Confira trechos da entrevista com o CEO da Jovem Pan, editada para fins de clareza.
A Jovem Pan perdeu anunciantes após a derrota do então presidente Jair Bolsonaro em outubro e a cobertura dos atos antidemocráticos em Brasília, em janeiro?
Não confirmamos a saída de nenhum anunciante. O relacionamento com o mercado publicitário vai muito bem. Há criadores de fake news, grupos terorristas digitais que inventam narrativas de que a Jovem Pan está em crise. Existe uma retração no mercado em geral, que não está aquecido. Sofremos em janeiro e fevereiro, que não costumam ser meses muito bons, mas a saúde financeira da empresa vai muito bem. Temos entregado crescimento de audiência e buscado investir em novas verticais.
Sites especializados em TV noticiaram que o empresário Antônio Augusto Amaral de Carvalho Filho, o Tutinha, teria deixado o comando do grupo devido às críticas à cobertura da Jovem Pan sobre a invasão das sedes do Três Poderes por manifestantes em janeiro. É verdade?
Assumi a presidência do grupo no final de dezembro, antes das manifestações. Era uma ideia antiga do Tutinha de se afastar do cargo, já que eu cuidava do dia-a-dia da empresa. A mudança não tem relação com os atos. O Tutinha é um dos sócios. Obviamente, ele tem escritório aqui. É um gênio da comunicação, sabe o que funciona e o que não funciona. Sempre o escutamos. Ele é um mentor.
Afinal, a Jovem Pan mudou a linha editorial após a vitória de Lula?
Crescemos muito desde nossa estreia como canal de TV há um ano e meio. As críticas têm a ver com o nosso crescimento no mercado. Estamos incomodando. Quem não incomoda não gera crítica. E ainda estamos longe de onde queremos chegar. A Jovem Pan não faz ativismo político. Fazemos jornalismo de opinião, porque a audiência já encontra todos os relatos dos fatos no celular após acordar.
O sucesso da Jovem Pan se deve ao entendimento de que a audiência jovem busca ouvir opiniões divergentes e tirar sua própria conclusão. Tínhamos os extremos dos dois lados. Não temos vergonha de mudar quando erramos. Resolvemos cortar os extremos. A Jovem Pan nunca foi nem nunca será a voz do bolsonarismo. Defendemos em editorial o respeito ao resultado da eleição.
O Brasil não pode ficar refém de um eterno Fla-Flu. Nossos microfones estão abertos para o Lula, já o convidamos para falar desde a campanha e já estamos entrevistando ministros.

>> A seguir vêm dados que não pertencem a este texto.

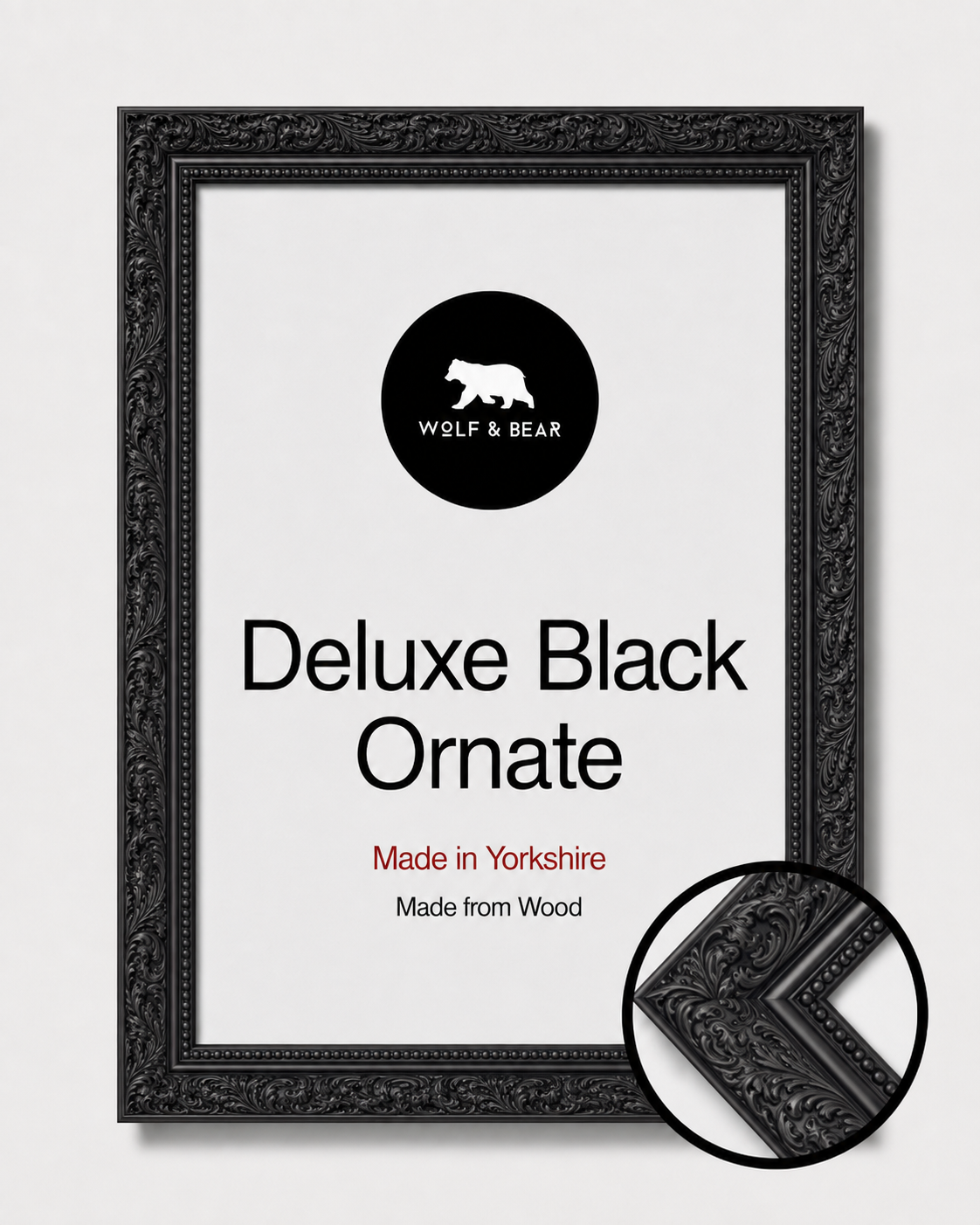Deluxe Ornate Black Frame Wood Collection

Na avaliação do senhor, há uma crise do setor de mídia no Brasil? A Globo, maior grupo do país no segmento, está fazendo cortes de profissionais há mais de um ano para economizar.
Não temos endividamento nem temos o interesse de comprar ninguém. Temos capacidade de crescer com nossa estrutura. Vamos ampliar nossos estúdios em mais um andar no prédio na avenida Paulista. Já temos cinco estúdios de TV. Planejamos fazer mais conteúdo, atacar em outras verticais. Vamos fazer uma realocação interna para abrir espaço para o fim do ano ou o começo do próximo para ter maior capacidade para produzir. Teremos em breve novidades em nossa área de esportes.
Com tantos avanços de tecnologia, o anunciante está mais exigente? Mudou o perfil?
Sim. Ele vem mudando. Existem novos anunciantes com os novos canais de distribuição. Por isso estamos investindo muito na nossa plataforma de dados. Queremos entregar pacotes com produtos e leads mais efetivos. Com nossa plataforma 360º, vamos agregando novos perfis de anunciantes, que buscam novas formas de conteúdo. Não existe mais o anunciante que só procura o break comercial.
A Globo anunciou que vai comprar de 15% a 18% da Eletromidia, entrando no mercado de publicidade out of home (OOH). A Jovem Pan estuda esse segmento também?
A Globo está certa em sua jornada de transformação em uma mediatech. Ela é mais estruturada e faz um trabalho de excelência. Mas não estamos olhando esse segmento. Isso não significa que no futuro não possamos chegar a analisar alguma oportunidade. Não podemos dizer que nunca vamos estar nesse segmento. Só não estamos olhando para isso hoje.
Empresas reclamam do impacto dos juros elevados e alertam para a desaceleração da economia. Varejistas enfrentam dificuldades. Que avaliação o senhor faz dos 100 dias do novo governo?
É muito cedo para avaliar. Existe uma retração no mercado, mas o governo mal chegou. Estamos contratando gente. A situação já está melhorando mês a mês. Acreditamos no Brasil. Neste mês, contratamos o Alexandre Barsotti, que estava no Grupo Band, como novo diretor comercial da Jovem Pan. Desde outubro, estávamos sem diretor comercial, buscando alguém no mercado. Também chegou o André Ramos para ocupar a direção de jornalismo e esportes.
Crescer faz parte do nosso plano, principalmente em novas formas de distribuição de conteúdo. Estamos também fazendo um canal em vídeo mais voltado para música e entretenimento. Queremos estar em todas as plataformas digitais, já estamos nos canais da Samsung, na Pluto TV, e nosso sinal está em qualquer antena no país.
Em novembro, o YouTube decidiu desmonetizar os canais da Jovem Pan, eliminando repasses por anúncios. Segundo a mídia especializada, teria sido em razão de desinformação eleitoral e violações de diretrizes de publicidade da plataforma. Como está hoje essa questão?
Está caminhando para a normalização. Não infringimos qualquer regra, nenhuma política de comunidade. Não recebemos nenhuma resposta sobre o que fizemos de errado. Há várias construções de narrativa nas redes sociais para difamar a Jovem Pan. Nunca nos associamos com coisa errada. Vamos aguardar.
Em março, tivemos 29 milhões de visitantes únicos no YouTube. A rádio continua líder e, no jornalismo, adquirimos a vice-liderança. Tendo audiência, o resto é mais fácil. Difícil é criar um plano comercial mirabolante e ainda ter que buscar audiência.